_Exercise aim:_ Beginning with the line that holds "Modern White Nightstand" in the data below, give again every line through the one that holds "A WORCESTER BLUE", exactly as written.

_Extracted material:_
+-------+

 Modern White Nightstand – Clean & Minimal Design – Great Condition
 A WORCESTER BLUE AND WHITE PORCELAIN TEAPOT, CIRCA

+-------+

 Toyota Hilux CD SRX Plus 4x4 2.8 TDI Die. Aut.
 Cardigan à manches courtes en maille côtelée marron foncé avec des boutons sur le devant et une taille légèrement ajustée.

+-------+

_The completed task:_
 Modern White Nightstand – Clean & Minimal Design – Great Condition
 A WORCESTER BLUE AND WHITE PORCELAIN TEAPOT, CIRCA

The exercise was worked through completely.